**Available data**
· · ·
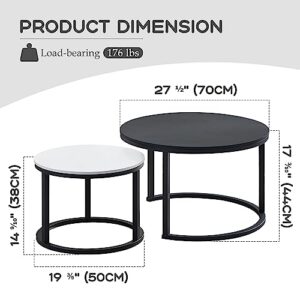 MASAKA B&W 27.5 Inch Round Wood Tables 2 Pack, Coffee Tables for Living Room Set of 2, Small Coffee Tables for Small Spaces, Center Table Modern Black with White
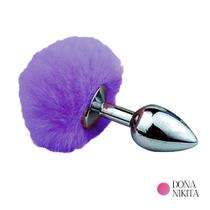 Plug Anal em Aço Prateado Tamanho M com Pompom Sexy Import Plug Anal em Aço Prateado Tamanho M com Pompom Sexy Import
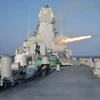 Thử nghiệm tên lửa chống ngầm tầm xa ERASR (Extended Range Anti-Submarine Rocket) trên tàu hộ tống tàng hình INS Kavaratti. (Nguồn: India Today)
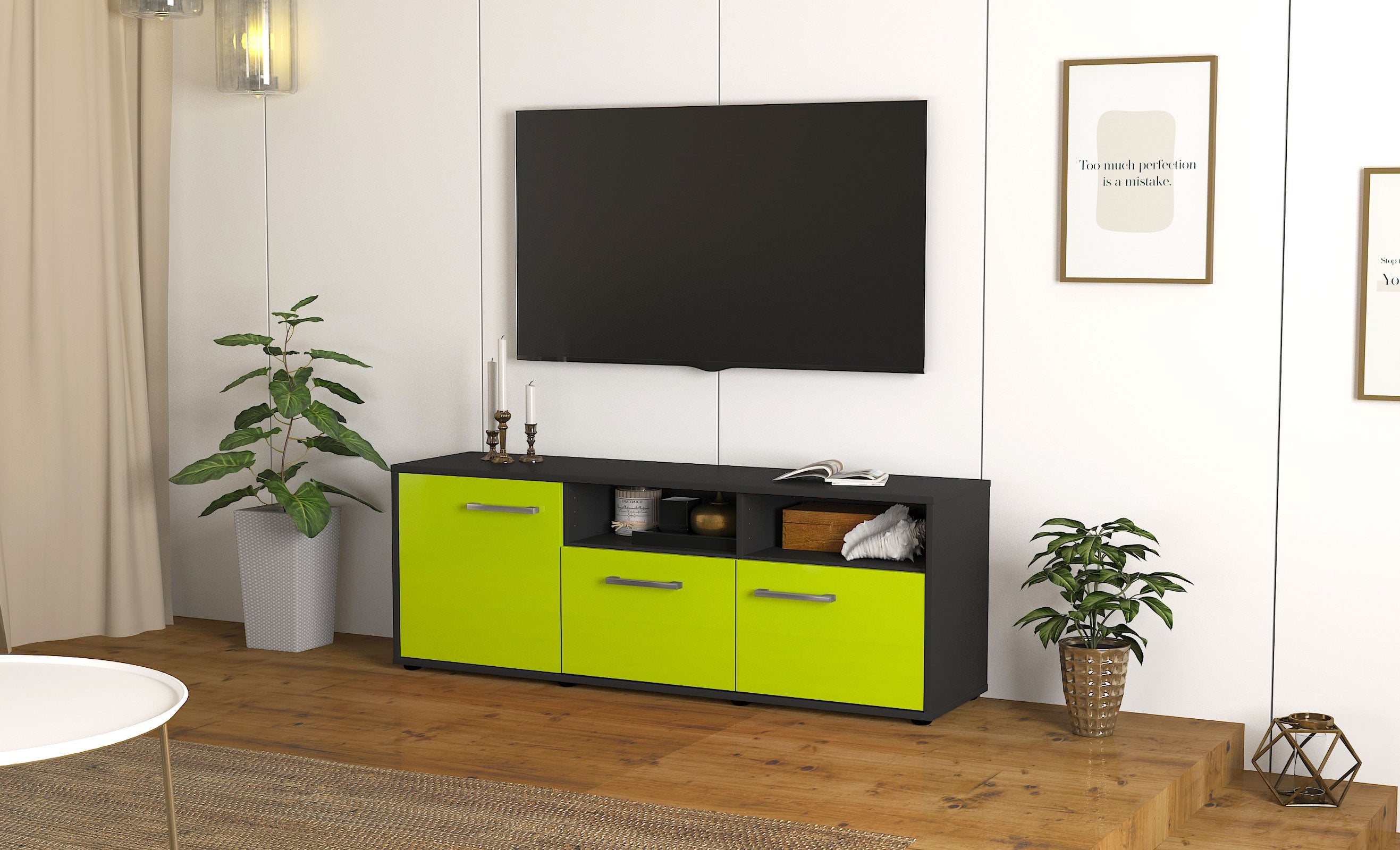 Lowboard - Angelina - Design Hochglanz - Freistehend mit Griffe 136 cm Anthrazit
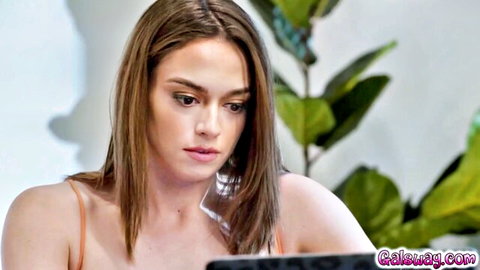 Brunette Sophia in slip looks thoughtful at laptop before Dee eats her out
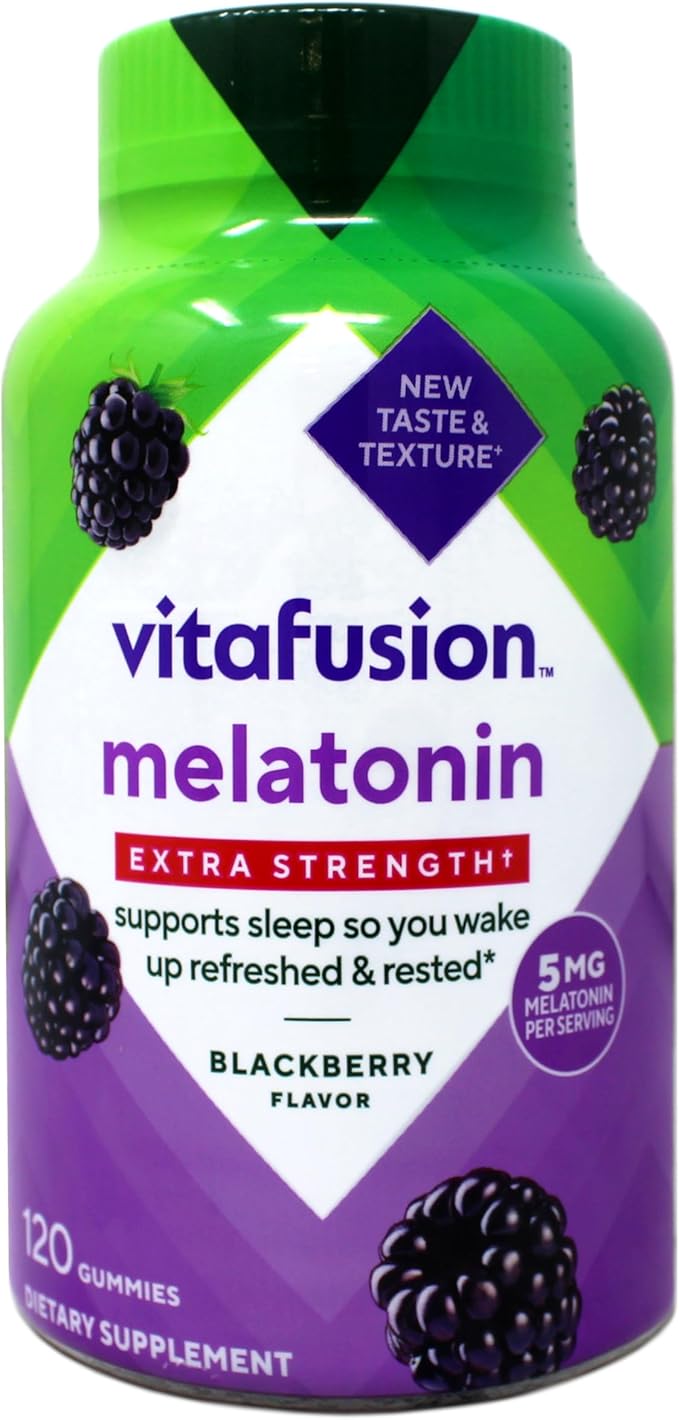 Vitafusion Extra Strength Melatonin Gummies BlackBerry 120 ea (Pack of 6)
· · ·
**Exercise description**
Although the records contain pictures, return only their text, exactly as written.

**Response**
 MASAKA B&W 27.5 Inch Round Wood Tables 2 Pack, Coffee Tables for Living Room Set of 2, Small Coffee Tables for Small Spaces, Center Table Modern Black with White
 Plug Anal em Aço Prateado Tamanho M com Pompom Sexy Import Plug Anal em Aço Prateado Tamanho M com Pompom Sexy Import
 Thử nghiệm tên lửa chống ngầm tầm xa ERASR (Extended Range Anti-Submarine Rocket) trên tàu hộ tống tàng hình INS Kavaratti. (Nguồn: India Today)
 Lowboard - Angelina - Design Hochglanz - Freistehend mit Griffe 136 cm Anthrazit
 Brunette Sophia in slip looks thoughtful at laptop before Dee eats her out
 Vitafusion Extra Strength Melatonin Gummies BlackBerry 120 ea (Pack of 6)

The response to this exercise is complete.